Machine Learning Stratification of Patient Response to Chemotherapy in Ovarian Cancer

2013 - ongoing

My PhD focuses on the prediction of chemoresistance in ovarian cancer.

There are two key mechanisms by which this may occur: muations or altered gene expression. I am focusing on gene expression, and investigating whether this may be used to predict patient response to treatment.

The PhD will involve both laboratory and computational work.

Laboratory work

A data set consisting of gene expression measurements taken from ovarian cancer patients is being generated.

Following mRNA extraction from FFPE biopsy tissue and reverse transcription, gene expression measurements are made using a custom TaqMan microfluidic array card, which measures 97 genes per patient.

Clinical covariates will be accessed through University Hospital of Coventry and Warwickshire (UHCW).

This lab work is being carried out in the molecuar Pathology labs at UHCW.

Computational work

Machine learning techniques are models capable of pattern recognition.

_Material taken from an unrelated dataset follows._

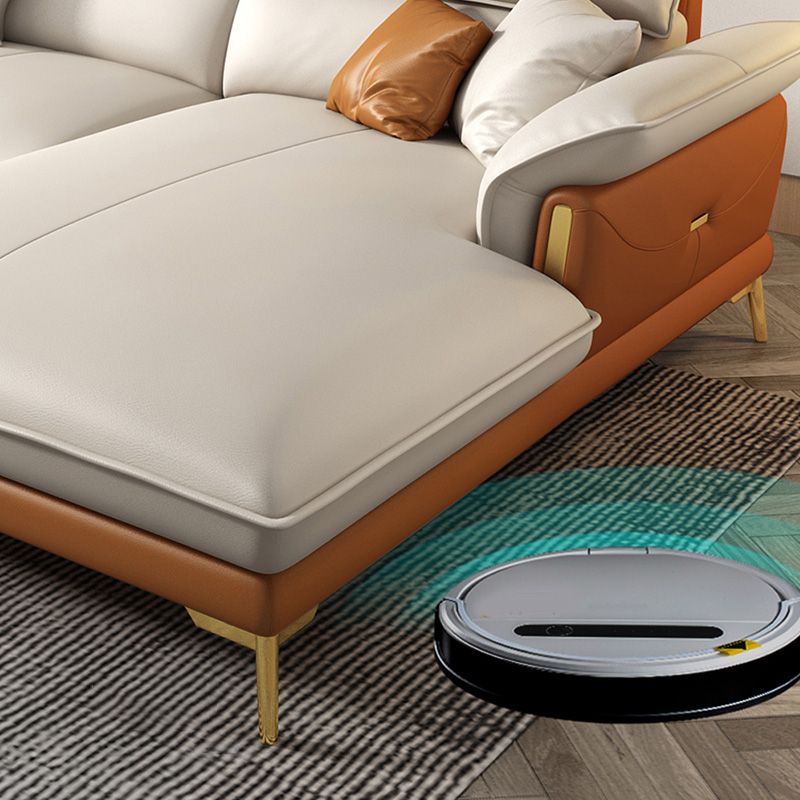 Glam lederen woonkamer zitplaatsen wijd uitlopende armkussens witte bank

Here, I will be using Gaussian processes to model the relationships between genes and predict patient outcome.

Gaussian processes place a prior on the space of all functions relating features to outcome, restricting qualities such as smoothness and stationarity. Given the data, they provide a posterior distribution on the possible functions, allowing predictions to be made about the properties of the latent function underlying the data. In this way, predictions of the mean and variation at any point may be made.

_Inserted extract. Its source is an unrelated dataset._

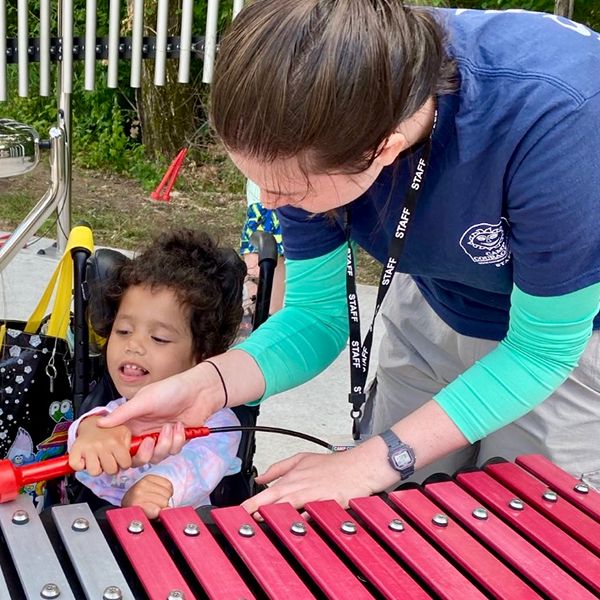 a young disabled girl in a wheelchair being helped by a young female carer to play an outdoor xylophone in a music park at summer camp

R was chosen as a suitable language for this work, and so the first step was to implement Gaussian process regression in R.

In order for the Gaussian process models to correctly interpret the survival data, which contains right-censored survival times, additional functionality must be developed. Here, the right-censored times are considered to be missing, with the censored times forming a lower bound on the value of the true, unmeasured survival time. By inferring new survival times for the censored samples, the underlying, uncensored data set may be estimated, allowing predictions to made as in Gaussian process regression. The developement of this model is currently underway.

Systematic Review

A systematic review is being carried out to investigate the literature concerning the prediction of ovarian cacner patient response to chemotherapy using gene expression measurements.